The three dogs, likely less than a year old, are now being cared for at Griffin Pond Animal Shelter near Clarks Summit.

Neighbors along Main Street in Simpson said they heard dogs barking from a second-floor apartment, but no signs of an owner.

One woman, who didn't want to be identified, told Newswatch 16 she started to worry late last month and called humane officers.

"I could tell, I would tell my husband, I know that bark and that's not a good bark," she said.

An online tip led Carbondale Police to the apartment on New Year's Day. Neighbors told them the dogs' owner, Mandy Pearson, moved out around Thanksgiving. She was nowhere to be found.

"I was met with a tremendous odor of dog feces and urine. And when I knocked on the door I could hear a dog whimpering inside, so at that point, we decided the dogs were in bad shape, or we expected them to be in bad shape, abandoned for a month and a half," said Carbondale Patrolman Tim Mackrell.

Members of the animal rescue group "In Pursuit of Grace" joined officers and took video of the dogs. They were skin and bone, and each had several cuts. The dogs devoured the food the officers brought with them.

"I had a pouch full of food, and the pouch full of food, actually one of the dogs ate the plastic with the pouch full of food in it, that's how hungry they were," said Jennifer Critcheley, founder of In Pursuit of Grace.

Pearson has been charged with animal cruelty and other charges. She later told police that she didn't have the money to surrender the dogs to an animal shelter.

In Pursuit of Grace took them to Griffin Pond Animal Shelter after rescuing them from Pearson's apartment.
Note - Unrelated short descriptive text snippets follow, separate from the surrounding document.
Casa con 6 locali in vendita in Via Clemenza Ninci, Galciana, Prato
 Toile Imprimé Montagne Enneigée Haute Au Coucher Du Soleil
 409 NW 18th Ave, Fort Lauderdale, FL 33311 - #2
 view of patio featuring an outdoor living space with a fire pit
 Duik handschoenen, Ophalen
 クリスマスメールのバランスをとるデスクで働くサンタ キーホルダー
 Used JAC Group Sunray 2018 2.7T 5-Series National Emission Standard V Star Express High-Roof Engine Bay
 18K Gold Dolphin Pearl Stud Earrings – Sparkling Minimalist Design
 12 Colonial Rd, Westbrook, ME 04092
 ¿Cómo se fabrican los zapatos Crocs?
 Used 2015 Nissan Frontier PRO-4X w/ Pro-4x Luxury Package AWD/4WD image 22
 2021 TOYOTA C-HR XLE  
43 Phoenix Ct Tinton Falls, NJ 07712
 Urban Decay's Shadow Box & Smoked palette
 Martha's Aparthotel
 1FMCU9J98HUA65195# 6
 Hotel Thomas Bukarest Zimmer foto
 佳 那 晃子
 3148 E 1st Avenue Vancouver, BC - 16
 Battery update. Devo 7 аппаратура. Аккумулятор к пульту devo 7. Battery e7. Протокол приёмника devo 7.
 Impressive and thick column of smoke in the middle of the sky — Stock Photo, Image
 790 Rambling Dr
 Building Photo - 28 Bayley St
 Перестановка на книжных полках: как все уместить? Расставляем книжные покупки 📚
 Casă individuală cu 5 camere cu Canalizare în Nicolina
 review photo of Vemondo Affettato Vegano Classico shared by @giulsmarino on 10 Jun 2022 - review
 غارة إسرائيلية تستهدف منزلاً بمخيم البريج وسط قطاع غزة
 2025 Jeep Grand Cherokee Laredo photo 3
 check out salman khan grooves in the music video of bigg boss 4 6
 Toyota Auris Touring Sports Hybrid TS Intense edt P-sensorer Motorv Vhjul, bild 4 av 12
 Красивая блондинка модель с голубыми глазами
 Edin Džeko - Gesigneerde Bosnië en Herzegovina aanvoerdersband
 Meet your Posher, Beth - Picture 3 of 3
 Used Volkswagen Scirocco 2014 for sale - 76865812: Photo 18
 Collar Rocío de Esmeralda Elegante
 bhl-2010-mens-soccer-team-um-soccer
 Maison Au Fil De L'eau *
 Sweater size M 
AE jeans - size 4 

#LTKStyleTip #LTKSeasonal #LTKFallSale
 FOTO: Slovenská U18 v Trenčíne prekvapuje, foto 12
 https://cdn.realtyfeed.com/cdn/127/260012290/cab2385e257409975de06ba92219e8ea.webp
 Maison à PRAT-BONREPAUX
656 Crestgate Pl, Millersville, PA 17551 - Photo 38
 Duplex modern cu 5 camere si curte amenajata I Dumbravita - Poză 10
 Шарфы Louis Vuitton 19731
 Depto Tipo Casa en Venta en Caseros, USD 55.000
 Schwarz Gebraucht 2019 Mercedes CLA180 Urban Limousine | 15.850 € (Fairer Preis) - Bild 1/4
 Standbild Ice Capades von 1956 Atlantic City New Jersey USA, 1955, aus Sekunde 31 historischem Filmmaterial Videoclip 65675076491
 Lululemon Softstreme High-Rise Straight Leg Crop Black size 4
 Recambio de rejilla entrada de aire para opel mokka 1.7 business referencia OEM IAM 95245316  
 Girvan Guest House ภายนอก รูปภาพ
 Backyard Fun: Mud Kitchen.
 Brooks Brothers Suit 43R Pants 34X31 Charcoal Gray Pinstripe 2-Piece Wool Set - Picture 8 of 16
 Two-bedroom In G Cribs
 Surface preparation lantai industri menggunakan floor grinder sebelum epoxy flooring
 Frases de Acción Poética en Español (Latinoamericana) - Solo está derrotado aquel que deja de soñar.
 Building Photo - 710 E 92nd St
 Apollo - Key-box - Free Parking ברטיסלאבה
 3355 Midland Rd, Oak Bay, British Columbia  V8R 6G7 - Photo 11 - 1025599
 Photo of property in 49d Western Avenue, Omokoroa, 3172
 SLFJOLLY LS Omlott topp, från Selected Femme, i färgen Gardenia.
Officials there said the dogs are improving.

"The long and the short of it is, when you look at the conditions in the photos that I gave you, of what the dogs were living in, whether we were right, wrong, or indifferent, the bottom line is the dogs are in a better place and they're getting far better care than they had been," Patrolman Mackrell added.

When the police officers from Carbondale discovered the dogs, one bit an officer who was feeding it by hand, so police filed additional reckless endangerment charges against Pearson.

Pearson turned herself in on the charges Tuesday afternoon.